ずっと何もしなかった妻の誕生日
子供が小さいときは、家族それぞれの誕生日を、ハッピバースデーなんかを歌いながら祝っていましたが、子供が大きくなってからはそういう行事は、いつの間にか遠い記憶の外に追いやられてしまいました。
今年の妻の誕生日が明日に迫った日に、ふと、こんなことを思いました。
「明日は私の休みの日だし、誕生日に夕食の準備をさせるのも何だから、二人で外食でもしようかな」と。
夕食を終えてゆったりしているときに、「明日の夕食は、鳥貴族にでも食べに行こうか?」と提案しました。
「明日は出掛ける用事もないので、良いですよ」と、妻は恐らく自分の誕生日だから声をかけてくれたなどとは全く思わないような感じで答えました。
「鳥貴族」というチェーン店は、最近よく使わせて貰っており、全品280円の均一料金で、たらふく食べて飲んでも、散財したという気がしない、誠にもって有り難い居酒屋と思っております。我が家の隣駅徒歩一分にあり、大変気に入っております。
この提案をしたときは、単に上記のような程度のことを考えていましたので、妻に二人分の夕方6時の予約を頼んでおりました。
近くに住んでいる娘夫婦と二人の孫
誕生日当日は私の休みの日で、朝から家でパソコンに向かっておりました。その内ふと、娘夫婦と孫二人をこの夕食に呼んであげると、妻も悦ぶのではないかという考えが思い浮かびました。
早速メールでそのことを娘に伝えると、「子供の水泳の練習があるので、6時半頃になってしまうので、会食予定の6時は無理」と返事が来ました。
「無理」が主体なのか、「6時半なら行ける」が主体なのか、理解に苦しみましたが、何度かのやりとりをして、私たち夫婦は6時から食事を始め、娘家族(夫婦と孫二人)は6時半頃から合流するということになりました。

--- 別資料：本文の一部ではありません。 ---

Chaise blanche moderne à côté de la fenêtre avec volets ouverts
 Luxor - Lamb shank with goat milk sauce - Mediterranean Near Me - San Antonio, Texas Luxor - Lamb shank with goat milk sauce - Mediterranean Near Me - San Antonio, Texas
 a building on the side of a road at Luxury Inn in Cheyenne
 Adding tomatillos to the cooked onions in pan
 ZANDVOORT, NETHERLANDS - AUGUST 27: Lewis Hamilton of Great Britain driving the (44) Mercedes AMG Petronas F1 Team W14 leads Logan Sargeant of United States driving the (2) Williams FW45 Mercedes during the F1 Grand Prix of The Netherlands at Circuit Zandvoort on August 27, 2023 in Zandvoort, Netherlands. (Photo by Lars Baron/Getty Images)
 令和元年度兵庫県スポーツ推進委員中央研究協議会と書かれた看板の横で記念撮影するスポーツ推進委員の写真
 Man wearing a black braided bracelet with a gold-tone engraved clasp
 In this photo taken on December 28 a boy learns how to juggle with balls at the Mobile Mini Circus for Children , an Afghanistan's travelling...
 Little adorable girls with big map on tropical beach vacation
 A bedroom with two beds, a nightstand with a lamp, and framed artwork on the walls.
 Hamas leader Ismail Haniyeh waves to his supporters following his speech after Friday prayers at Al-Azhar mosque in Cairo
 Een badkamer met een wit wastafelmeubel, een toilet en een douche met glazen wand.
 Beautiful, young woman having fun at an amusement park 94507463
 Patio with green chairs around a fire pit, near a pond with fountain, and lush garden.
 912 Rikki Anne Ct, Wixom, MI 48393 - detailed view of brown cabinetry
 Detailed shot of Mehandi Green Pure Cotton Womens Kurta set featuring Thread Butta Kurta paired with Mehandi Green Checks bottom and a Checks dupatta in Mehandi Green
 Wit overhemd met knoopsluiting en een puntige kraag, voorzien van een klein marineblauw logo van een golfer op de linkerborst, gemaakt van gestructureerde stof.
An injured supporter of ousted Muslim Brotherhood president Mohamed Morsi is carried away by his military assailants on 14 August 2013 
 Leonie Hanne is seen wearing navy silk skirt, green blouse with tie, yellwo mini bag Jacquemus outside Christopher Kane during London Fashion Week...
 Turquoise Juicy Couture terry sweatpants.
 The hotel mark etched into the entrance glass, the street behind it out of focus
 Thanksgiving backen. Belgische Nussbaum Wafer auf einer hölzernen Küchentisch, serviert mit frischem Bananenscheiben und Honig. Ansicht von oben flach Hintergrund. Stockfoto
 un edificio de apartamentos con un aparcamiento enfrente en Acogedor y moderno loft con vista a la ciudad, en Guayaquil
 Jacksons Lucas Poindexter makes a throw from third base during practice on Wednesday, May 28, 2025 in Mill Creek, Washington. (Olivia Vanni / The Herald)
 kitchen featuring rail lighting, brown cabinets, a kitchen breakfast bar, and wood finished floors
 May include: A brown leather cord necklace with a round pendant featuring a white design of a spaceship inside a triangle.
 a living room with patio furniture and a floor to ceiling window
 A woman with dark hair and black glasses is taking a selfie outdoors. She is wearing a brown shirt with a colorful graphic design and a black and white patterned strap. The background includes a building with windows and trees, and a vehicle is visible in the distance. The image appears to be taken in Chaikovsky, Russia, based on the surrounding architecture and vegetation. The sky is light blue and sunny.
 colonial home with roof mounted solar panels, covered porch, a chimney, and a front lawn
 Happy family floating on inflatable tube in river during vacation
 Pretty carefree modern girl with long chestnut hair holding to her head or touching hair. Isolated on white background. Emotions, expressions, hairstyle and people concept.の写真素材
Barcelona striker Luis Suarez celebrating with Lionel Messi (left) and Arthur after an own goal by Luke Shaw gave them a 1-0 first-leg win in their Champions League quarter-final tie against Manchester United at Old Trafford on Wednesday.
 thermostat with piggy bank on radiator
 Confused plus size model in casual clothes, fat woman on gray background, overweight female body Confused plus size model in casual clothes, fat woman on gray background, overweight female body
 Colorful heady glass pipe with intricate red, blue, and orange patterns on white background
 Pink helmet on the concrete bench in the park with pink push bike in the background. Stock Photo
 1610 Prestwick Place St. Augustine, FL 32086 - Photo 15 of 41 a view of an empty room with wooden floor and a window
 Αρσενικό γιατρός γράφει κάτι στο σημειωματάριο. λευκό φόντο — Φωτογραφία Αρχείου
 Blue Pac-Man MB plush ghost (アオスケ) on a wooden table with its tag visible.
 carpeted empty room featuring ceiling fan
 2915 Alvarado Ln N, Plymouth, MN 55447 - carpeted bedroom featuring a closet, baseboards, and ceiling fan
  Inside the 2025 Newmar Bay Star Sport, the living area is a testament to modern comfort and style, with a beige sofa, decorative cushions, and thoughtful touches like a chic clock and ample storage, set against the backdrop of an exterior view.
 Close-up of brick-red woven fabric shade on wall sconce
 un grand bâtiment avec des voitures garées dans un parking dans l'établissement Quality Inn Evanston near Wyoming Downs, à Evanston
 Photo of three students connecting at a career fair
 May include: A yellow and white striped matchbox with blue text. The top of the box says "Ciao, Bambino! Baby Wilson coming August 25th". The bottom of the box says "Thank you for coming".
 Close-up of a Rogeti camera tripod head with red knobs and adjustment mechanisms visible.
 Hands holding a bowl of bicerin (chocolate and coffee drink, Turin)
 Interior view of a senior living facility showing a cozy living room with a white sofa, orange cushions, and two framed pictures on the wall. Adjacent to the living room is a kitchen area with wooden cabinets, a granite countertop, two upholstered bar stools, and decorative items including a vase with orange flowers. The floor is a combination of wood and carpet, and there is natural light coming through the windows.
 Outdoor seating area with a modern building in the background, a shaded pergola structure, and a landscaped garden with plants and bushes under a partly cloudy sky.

蛇足かも知れませんが、もし行きたいというときは、「6時半なら行けるんだけど・・・」と意思表示をしてくれると、判断が早いですね。
そして、娘には、「鳥貴族で偶然出会ったような感じで合流しよう」ということで、妻には内緒ということにしました。
先に食事を始めた私たち夫婦
先に6時に鳥貴族に到着した私は、妻に、6人で予約していることを悟られてはならないと、早足で店に入り、店員に4人は遅れてくることを告げましたが、その店員は、私の言っていることがよく理解が出来ないようで、動きが止まってしまいました。
私の後ろにはもう妻が来ており、会話の内容が全て聞こえるような状況になっておりました。
私はとっさに、店の入り口に掲げてある予約表の黒板を指さし、「これ、これ!」と言いました。
幸いというと語弊がありますが、妻は視力が余り宜しくなく、黒板の文字、「6人予約で、6時二人、6時半4人」と書かれている文字は読み取ることが出来ないはずで、店員はそれを見てやっと理解してくれ、我々二人を席に案内してくれました。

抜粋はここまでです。